Figure 2: Comparison of computational performance in DataWalk. The figure illustrates three scenarios for both CPU (left) and GPU (right): baseline performance with computation performed in a location separate from the data and optimized performance with computation close to the data using Python and Java. Key performance improvements: Python achieves a 6.2x speedup on CPU and 6.7x on GPU, while Java delivers the highest speedups of 54x on CPU and 67x on GPU. The results highlight the significant benefits of performing computation near the data, especially when using Java and GPU-based approaches.
The programming language you use can have a significant impact on performance. In our case, we initially implemented GLiNER using Python due to its ease of use and rich ecosystem of data science libraries. However, due to its interpreted nature, Python can be slower for compute-intensive tasks. By transitioning to Java, a language known for its performance and efficiency, we were able to unlock additional speed improvements. The switch to Java optimized GLiNER's processing capabilities, making it more responsive and appropriate for handling large-scale data within the DataWalk ecosystem.
GPUs (Graphics Processing Units) are well-suited for the parallel processing demands of neural networks like GLiNER. As shown in Figure 2 above, by offloading compute-intensive tasks from the CPU to the GPU, we significantly enhanced GLiNER's processing speed. This acceleration is especially beneficial for large-scale entity extraction tasks, where the volume of data and complexity of computations can be vast. With GPU acceleration, GLiNER can process more data in less time, delivering insights faster and more efficiently than ever before.
GLiNER represents just one of the many advanced neural network subsystems within the DataWalk platform. We've integrated various neural networks and advanced techniques to tackle diverse tasks, from address processing to phone analysis and embedding creation. These neural networks operate seamlessly within DataWalk, delivering targeted solutions that enhance data processing and analysis capabilities.
The integration of GLiNER into DataWalk represents a transformative step in entity extraction and analysis. By enabling the extraction of entities from 7.5 million report narratives in just 3 hours, with immediate access to results in the DataWalk Knowledge Graph, this solution dramatically reduces delays from months to hours. This speed and efficiency allow teams to iterate quickly, correct errors, and maintain the highest data security and accuracy levels.
DataWalk’s innovative architecture—bringing computation close to the data—has been pivotal in achieving these results. Transferring GLiNER from external computation to direct processing within the DataWalk database maximized performance improvements. Further enhancements, such as shifting from Python to Java and utilizing GPU acceleration, enabled GLiNER to handle large-scale entity extraction while ensuring scalability and reliability efficiently.

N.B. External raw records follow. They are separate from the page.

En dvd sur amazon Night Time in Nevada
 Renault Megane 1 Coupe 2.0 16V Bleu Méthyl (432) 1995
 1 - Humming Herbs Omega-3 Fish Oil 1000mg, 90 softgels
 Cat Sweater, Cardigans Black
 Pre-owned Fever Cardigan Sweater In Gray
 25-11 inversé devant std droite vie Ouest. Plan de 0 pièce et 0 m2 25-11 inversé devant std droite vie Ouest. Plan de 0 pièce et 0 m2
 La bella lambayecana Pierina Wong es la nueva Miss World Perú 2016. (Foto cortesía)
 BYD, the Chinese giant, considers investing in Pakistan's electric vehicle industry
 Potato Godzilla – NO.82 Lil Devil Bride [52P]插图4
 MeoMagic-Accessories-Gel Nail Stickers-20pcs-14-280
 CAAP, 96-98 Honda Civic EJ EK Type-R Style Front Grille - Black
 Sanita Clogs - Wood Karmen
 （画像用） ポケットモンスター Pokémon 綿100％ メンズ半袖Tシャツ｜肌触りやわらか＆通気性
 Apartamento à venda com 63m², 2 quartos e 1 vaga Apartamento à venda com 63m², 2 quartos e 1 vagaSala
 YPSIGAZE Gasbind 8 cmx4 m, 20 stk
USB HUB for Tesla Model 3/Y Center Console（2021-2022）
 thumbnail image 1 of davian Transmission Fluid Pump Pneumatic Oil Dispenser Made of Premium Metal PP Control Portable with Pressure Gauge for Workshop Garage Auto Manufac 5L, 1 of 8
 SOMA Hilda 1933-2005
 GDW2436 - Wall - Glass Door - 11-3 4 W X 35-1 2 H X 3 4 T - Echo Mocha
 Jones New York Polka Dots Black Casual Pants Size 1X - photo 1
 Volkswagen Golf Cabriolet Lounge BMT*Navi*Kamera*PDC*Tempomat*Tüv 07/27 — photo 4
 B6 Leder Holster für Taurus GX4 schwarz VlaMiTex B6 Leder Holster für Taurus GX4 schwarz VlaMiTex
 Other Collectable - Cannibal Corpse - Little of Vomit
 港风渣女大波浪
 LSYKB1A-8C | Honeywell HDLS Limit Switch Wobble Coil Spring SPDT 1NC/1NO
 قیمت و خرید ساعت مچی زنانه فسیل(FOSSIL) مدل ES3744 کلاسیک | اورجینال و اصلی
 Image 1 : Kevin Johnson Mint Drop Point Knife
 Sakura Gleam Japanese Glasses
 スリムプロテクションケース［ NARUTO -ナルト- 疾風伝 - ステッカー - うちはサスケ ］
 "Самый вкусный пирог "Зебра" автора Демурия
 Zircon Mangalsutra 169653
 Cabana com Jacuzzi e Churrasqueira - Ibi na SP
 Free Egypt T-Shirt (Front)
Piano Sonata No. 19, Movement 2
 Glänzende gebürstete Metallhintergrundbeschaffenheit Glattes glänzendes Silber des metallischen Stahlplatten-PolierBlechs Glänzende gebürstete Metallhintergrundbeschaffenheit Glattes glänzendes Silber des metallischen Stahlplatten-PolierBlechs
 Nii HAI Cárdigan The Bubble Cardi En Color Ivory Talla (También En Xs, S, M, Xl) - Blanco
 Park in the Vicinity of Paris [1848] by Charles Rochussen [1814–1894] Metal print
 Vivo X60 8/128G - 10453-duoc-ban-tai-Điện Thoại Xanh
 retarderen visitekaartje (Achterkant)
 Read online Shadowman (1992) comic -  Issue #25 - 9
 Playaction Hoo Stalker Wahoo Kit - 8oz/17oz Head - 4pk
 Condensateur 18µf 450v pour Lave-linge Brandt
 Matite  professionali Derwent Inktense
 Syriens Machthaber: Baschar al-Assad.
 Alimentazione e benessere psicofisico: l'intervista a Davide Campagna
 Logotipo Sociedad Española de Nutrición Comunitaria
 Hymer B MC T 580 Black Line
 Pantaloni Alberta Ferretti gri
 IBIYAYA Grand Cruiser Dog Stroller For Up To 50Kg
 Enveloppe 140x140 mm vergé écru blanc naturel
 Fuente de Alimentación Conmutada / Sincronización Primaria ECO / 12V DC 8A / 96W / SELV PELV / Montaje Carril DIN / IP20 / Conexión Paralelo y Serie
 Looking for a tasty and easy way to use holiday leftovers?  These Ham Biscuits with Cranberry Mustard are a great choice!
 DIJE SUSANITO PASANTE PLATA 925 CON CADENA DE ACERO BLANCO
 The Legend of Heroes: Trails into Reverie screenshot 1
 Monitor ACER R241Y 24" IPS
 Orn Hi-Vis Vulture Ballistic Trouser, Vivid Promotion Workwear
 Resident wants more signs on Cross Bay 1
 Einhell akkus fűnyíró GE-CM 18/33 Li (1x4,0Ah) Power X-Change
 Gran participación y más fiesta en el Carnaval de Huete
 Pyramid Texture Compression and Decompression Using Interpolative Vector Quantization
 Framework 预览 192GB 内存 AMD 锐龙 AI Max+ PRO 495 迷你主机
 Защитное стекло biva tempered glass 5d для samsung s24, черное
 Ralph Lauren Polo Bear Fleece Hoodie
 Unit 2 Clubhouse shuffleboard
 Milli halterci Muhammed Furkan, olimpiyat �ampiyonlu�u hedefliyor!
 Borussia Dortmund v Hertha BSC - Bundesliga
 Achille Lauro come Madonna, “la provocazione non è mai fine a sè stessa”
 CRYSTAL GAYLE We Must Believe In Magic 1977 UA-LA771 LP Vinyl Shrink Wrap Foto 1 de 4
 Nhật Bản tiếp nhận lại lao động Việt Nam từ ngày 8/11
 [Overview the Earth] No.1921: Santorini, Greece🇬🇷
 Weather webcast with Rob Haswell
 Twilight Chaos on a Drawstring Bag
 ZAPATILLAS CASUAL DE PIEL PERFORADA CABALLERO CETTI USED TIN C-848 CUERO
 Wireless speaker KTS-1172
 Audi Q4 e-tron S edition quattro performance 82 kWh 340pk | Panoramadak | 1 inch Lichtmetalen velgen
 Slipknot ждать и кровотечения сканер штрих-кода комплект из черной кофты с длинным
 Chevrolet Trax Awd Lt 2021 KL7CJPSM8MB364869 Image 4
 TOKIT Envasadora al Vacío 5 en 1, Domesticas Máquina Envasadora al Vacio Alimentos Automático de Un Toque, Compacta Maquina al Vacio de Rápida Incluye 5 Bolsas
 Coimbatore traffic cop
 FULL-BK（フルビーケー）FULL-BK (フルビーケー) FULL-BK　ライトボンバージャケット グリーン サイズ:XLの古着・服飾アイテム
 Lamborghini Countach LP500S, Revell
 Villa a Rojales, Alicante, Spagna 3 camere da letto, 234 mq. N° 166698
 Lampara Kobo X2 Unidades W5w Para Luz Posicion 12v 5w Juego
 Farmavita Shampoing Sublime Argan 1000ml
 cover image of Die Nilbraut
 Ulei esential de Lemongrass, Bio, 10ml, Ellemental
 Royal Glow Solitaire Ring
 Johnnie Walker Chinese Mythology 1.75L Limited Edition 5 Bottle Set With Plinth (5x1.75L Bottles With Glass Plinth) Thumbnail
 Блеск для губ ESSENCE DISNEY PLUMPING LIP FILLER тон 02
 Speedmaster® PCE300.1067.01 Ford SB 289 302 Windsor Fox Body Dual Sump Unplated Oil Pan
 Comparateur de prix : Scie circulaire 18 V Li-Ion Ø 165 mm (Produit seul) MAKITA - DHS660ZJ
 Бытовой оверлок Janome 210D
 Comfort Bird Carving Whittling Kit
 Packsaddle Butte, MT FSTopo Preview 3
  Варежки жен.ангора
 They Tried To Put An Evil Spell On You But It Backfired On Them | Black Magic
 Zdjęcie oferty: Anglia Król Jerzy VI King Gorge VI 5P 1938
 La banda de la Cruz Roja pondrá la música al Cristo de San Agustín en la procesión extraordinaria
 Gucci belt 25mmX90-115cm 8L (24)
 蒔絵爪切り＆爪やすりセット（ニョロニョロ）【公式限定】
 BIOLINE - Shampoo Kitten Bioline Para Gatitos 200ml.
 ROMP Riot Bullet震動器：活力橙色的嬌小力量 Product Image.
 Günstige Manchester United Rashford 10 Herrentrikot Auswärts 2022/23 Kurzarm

More than just a fast and secure solution, DataWalk’s architecture exemplifies versatility. From transforming unstructured text into actionable intelligence with GLiNER to applying specialized neural networks for tasks like phone and address analysis, the platform equips organizations with the tools to address complex challenges. This capability empowers users to unlock the full potential of their data and make informed, impactful decisions.
By combining cutting-edge technology, speed, and adaptability, DataWalk ensures that organizations can confidently navigate their analytical needs and achieve meaningful, efficient results.